Aziz Nektarios Katedrali & Manastırı
Yunan Ortodokslar için oldukça büyük öneme sahip bu katedral adanın en çok ziyaret edilen noktalarından. 1920 senesinde ölen Aziz Nektarios anısına inşa edilen katedrale Pazar günü Atina'dan düzenlenen seferlerle gelip, ayine katılıp dönen yüzlerce kişiyi görebilirsiniz. Yaşadığı dönemde mucizevi bir şekilde insanları iyileştirdiğine inanılan azizin mozolesi de kilisenin içinde bulunuyor. Katedralin yanındaki manastırda ise 14 rahibe yaşıyor. Aegina'dan 6 kilometre uzaklıkta bulunan katedrali görmek isterseniz limana iner inmez solda gördüğünüz otobüslerden birine binebilir ya da çok pahalı olmayan taksi seçeneğini tercih edebilirsiniz.
Aphaea Tapınağı
Adada görülmeden dönülmemesi gereken muhteşem bir tapınak burası. Yunanistan'da antik kent ve Yunan tanrılarına adanmış tapınak konusunda biraz şımardığımı söylemeliyim aslında, yani ziyaret ettiğim bir bölgede tapınak varsa "of yine mi tapınak?" havalarına girsem de her ziyaret ettiğim tapınaktan ya da antik şehirden büyülenip ayrılıyorum. Aphaea ise beni en çok etkileyenlerden biri oldu. Adanın doğusunda bulunan çam ağaçlarıyla kaplı bi tepede bulunan tapınak, tüm Yunanistan'da en az hasar görmüş ve neredeyse tamamını görebildiğimiz tapınaklardan biri. Minos'un şehvetinden kaçarken denize düşen ve bir balıkçı tarafından kurtarılıp Aegina Adası'na getirilen Aphaea için yapılmış tapınağın olduğu tepeden Atina'yı, İdra Adası'nı ve Mora Yarımadası'nın bir bölümünü görebilmek de mümkün.
Ag. Marina
Aphaea tapınağına yürüyerek ulaşabildiğiniz bu tatlı sahil köyü, adada başkent Aegina sonrası en çok ziyaret edilen yerleşim bölgesi. oldukça tatmin edici bir plaja da sahip olan köy, genelde kafasını dinlemeyi tercih eden ziyaretçilerini ağırlıyor. Kendi halinde, plajı güzel, tavernası barı bol, şirin bir yer. Aphaea tapınağını gördükten sonra Ag. Marina'ya gelip yüzebilir, sonrasında sahildeki tavernalardan birinde kendinize ziyafet çekip dönebilirsiniz Atina'ya. Çok sık olmasa da Ag. Marina'dan da Atina'ya feribotlar mevcut bu arada. Feribotla Aegina'ya gelip, otobüsle / arabayla / taksiyle Ag. Marina'da gezinizi tamamlayıp, buradan da Atina'ya dönmeniz mümkün.
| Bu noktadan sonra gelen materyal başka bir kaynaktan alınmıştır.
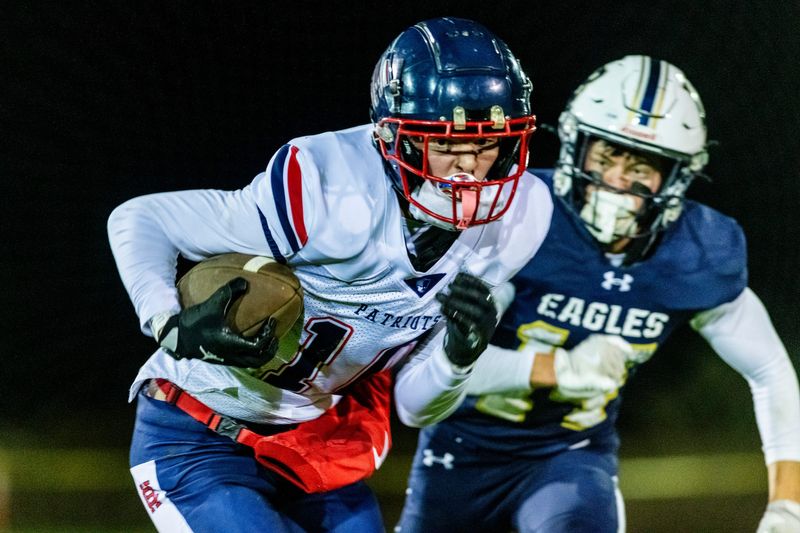 Hesperia Christian’s Jackson Lake turns a pass reception into a big gain against Lancaster Baptist during CIF-SS 8-Man Division 2 semifinals on Friday, Nov. 21, 2025. Lancaster Baptist won 45-22.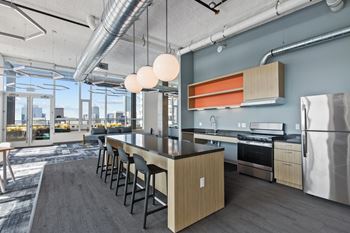 A modern kitchen with a long island and stainless steel appliances.
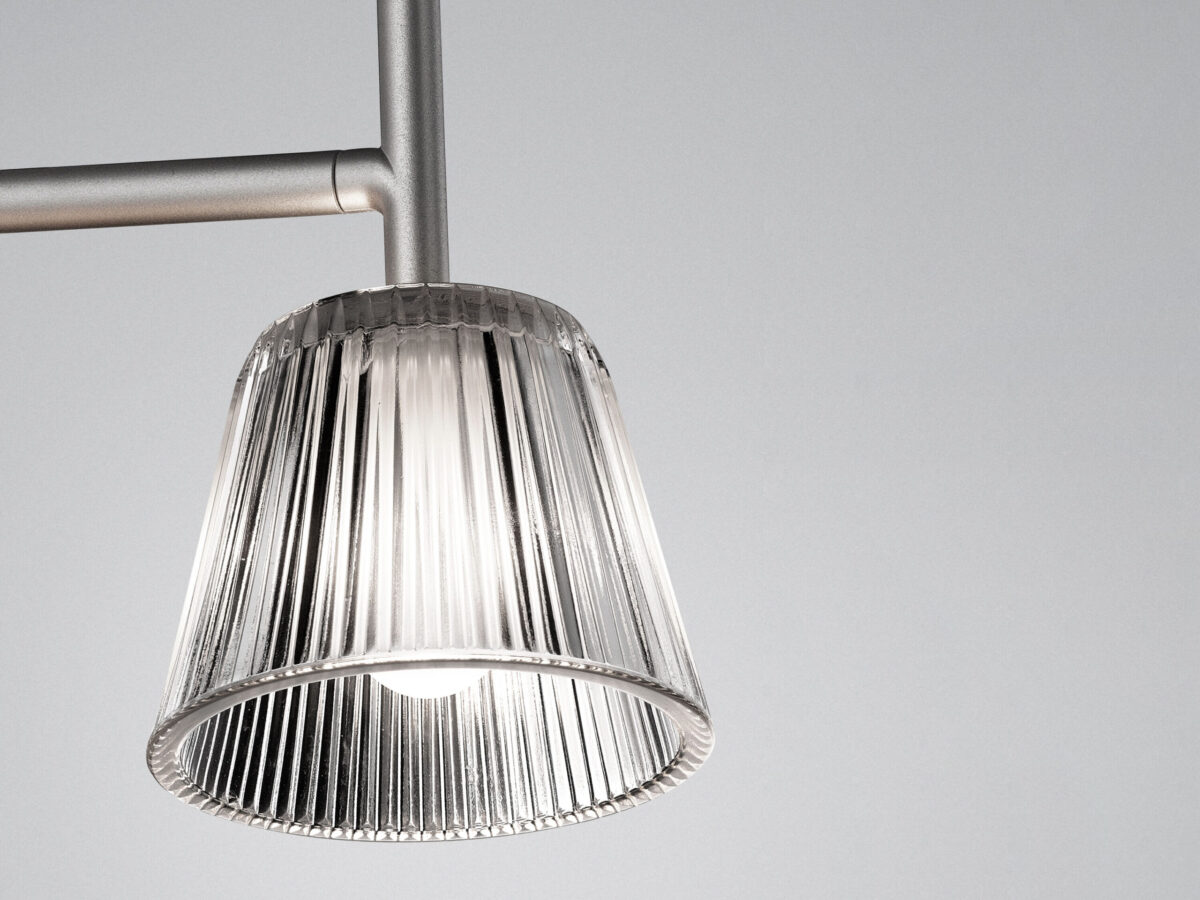 The elegant Flos Romeo Babe Wall by Philippe Starck, a wall-mounted fixture featuring a classic shade shape and a gray painted die-cast aluminum arm, designed for ambient illumination.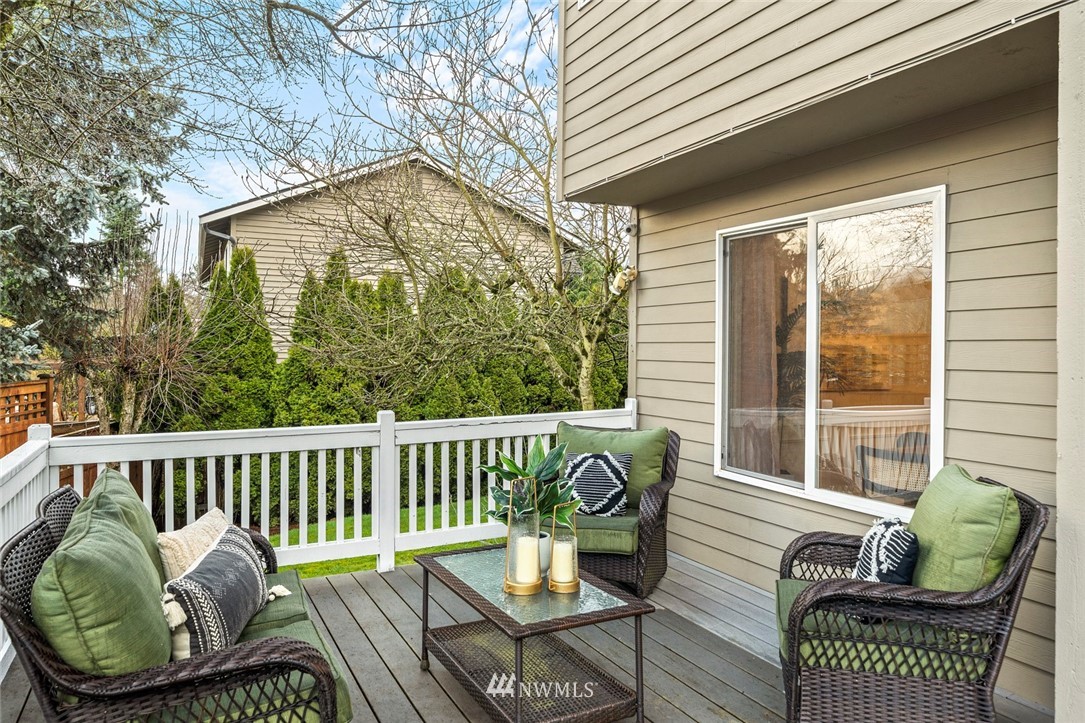 5112 Northeast 20th Street Renton, WA 98059 - Photo 34 of 40 a view of a chair in wooden deck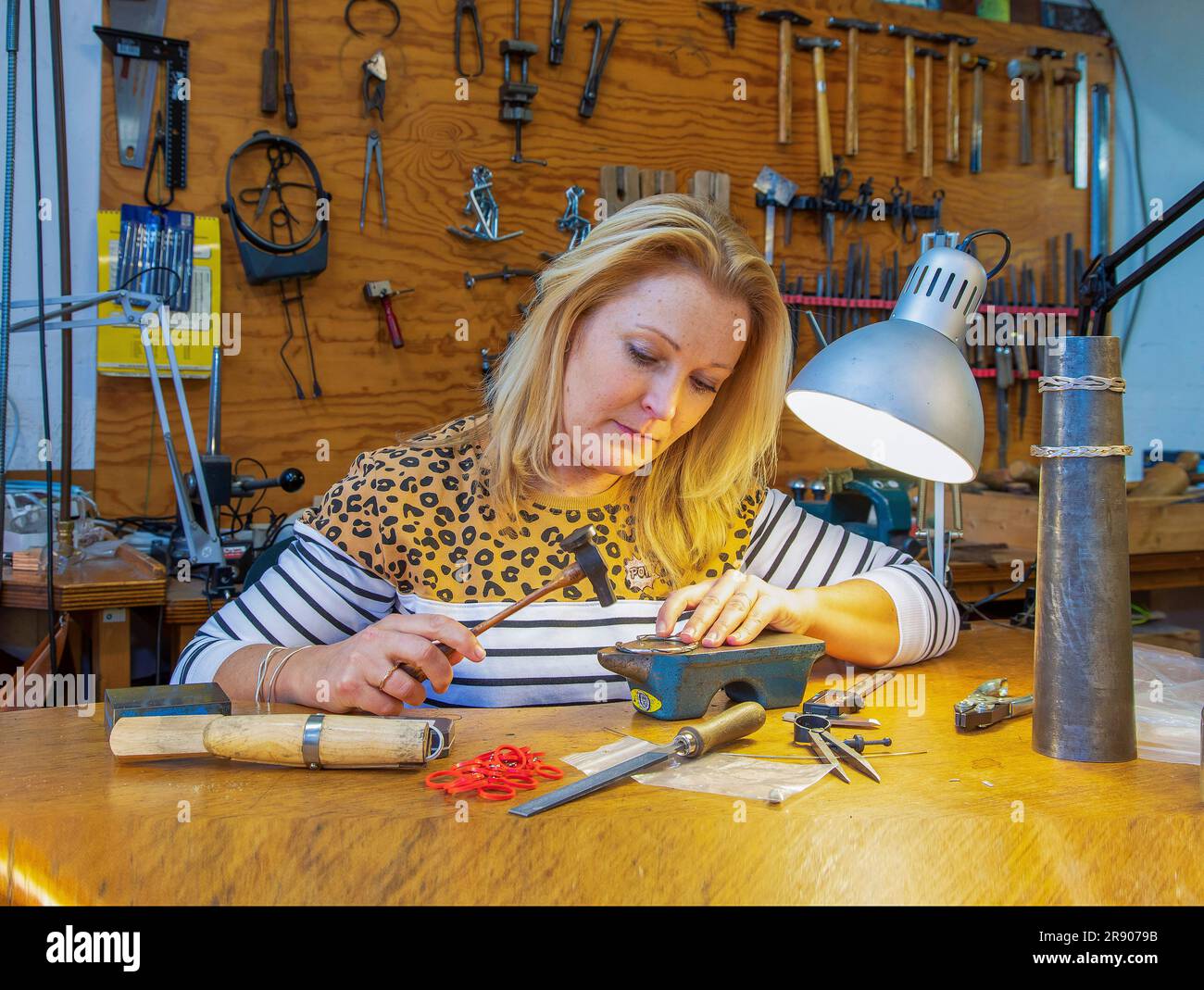 Niederlande, Goldschmiede in der Werkstatt, entwirft und arbeitet an einem Armband in ihrem Studio. Stockfoto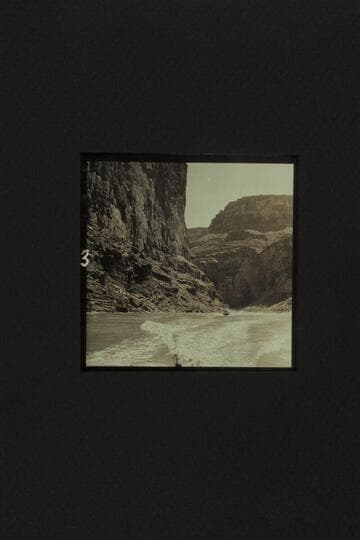 Cruising between President Harding Rapid and Nancoweap, Marble Canyon.  The boat is the "Rattlesnake" with Rod Sanderson piloting and Joe Desloge and Hugh Cutler riding as passengers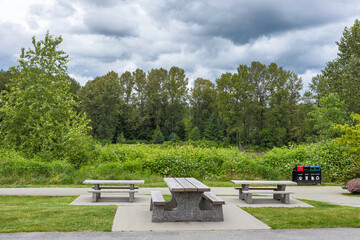 Picnic table and benches on green lawn in a park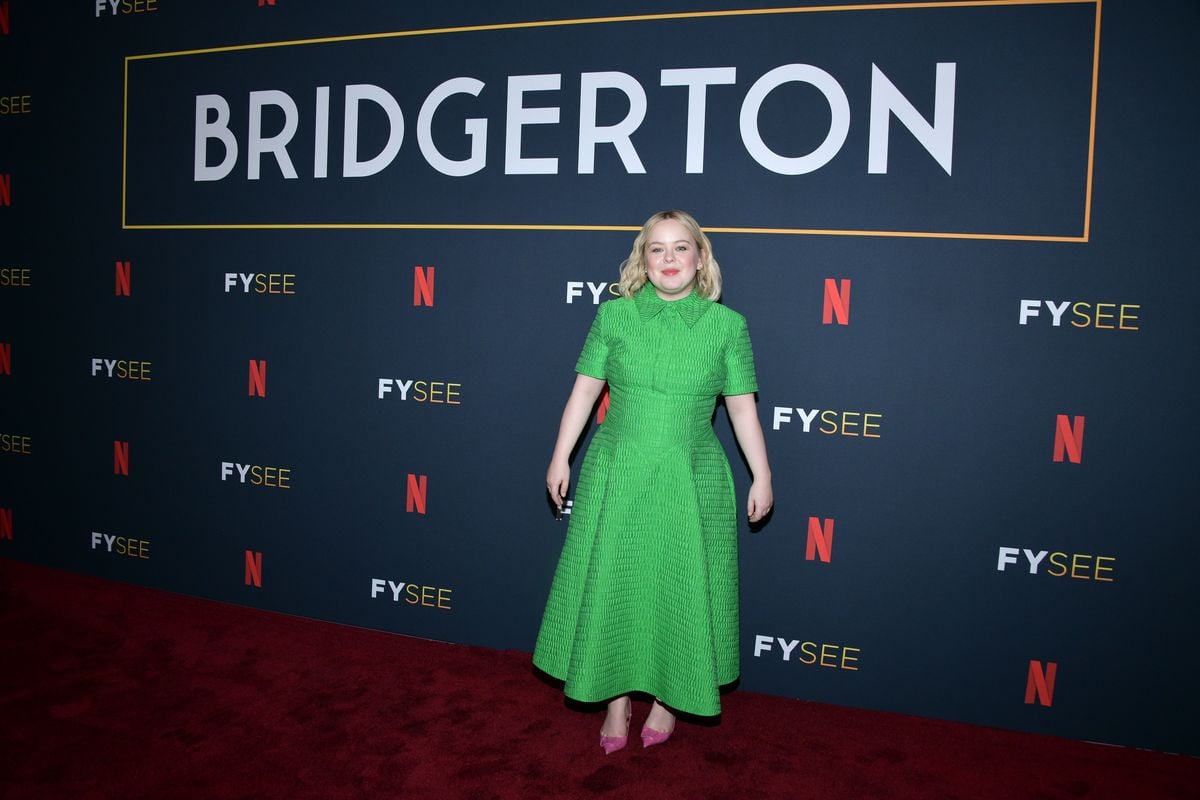 Nicola Coughlan poses in front of a black backdrop with the "Bridgerton" and Netflix logos.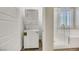 Bathroom featuring a stacked washer/dryer with shower and soaking tub at 234 Polaris Ridge Ave, Henderson, NV 89011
Benim göremediğim ancak hakkında övgüyle bahsedildiğini duyduğum başka bir yer ise adanın güneybatısında bulunan Moni Adası. Yerleşim olmayan bu adaya Perdika köyünden binilen ufak teknelerle gidiliyor. Birbirinden güzel koylarında zaman geçirirken adada bulunan ve insanlara oldukça alışık geyikleri besleyip doğanın ve berrak denizin tadını çıkarabilirsiniz.
Atina'ya kadar geldiyseniz, Aegina'ya da uğramanızı ve bir gün geçirmenizi gönül rahatlığıyla öneririm. Herkese hitap eden, herkesi mutlu edecek bir ada burası. Ulaşması kolay, gezmesi kolay, ada sakinleri mutlu mesut, Atina'nın burnunun dibinde. Şimdiden iyi gezmeler.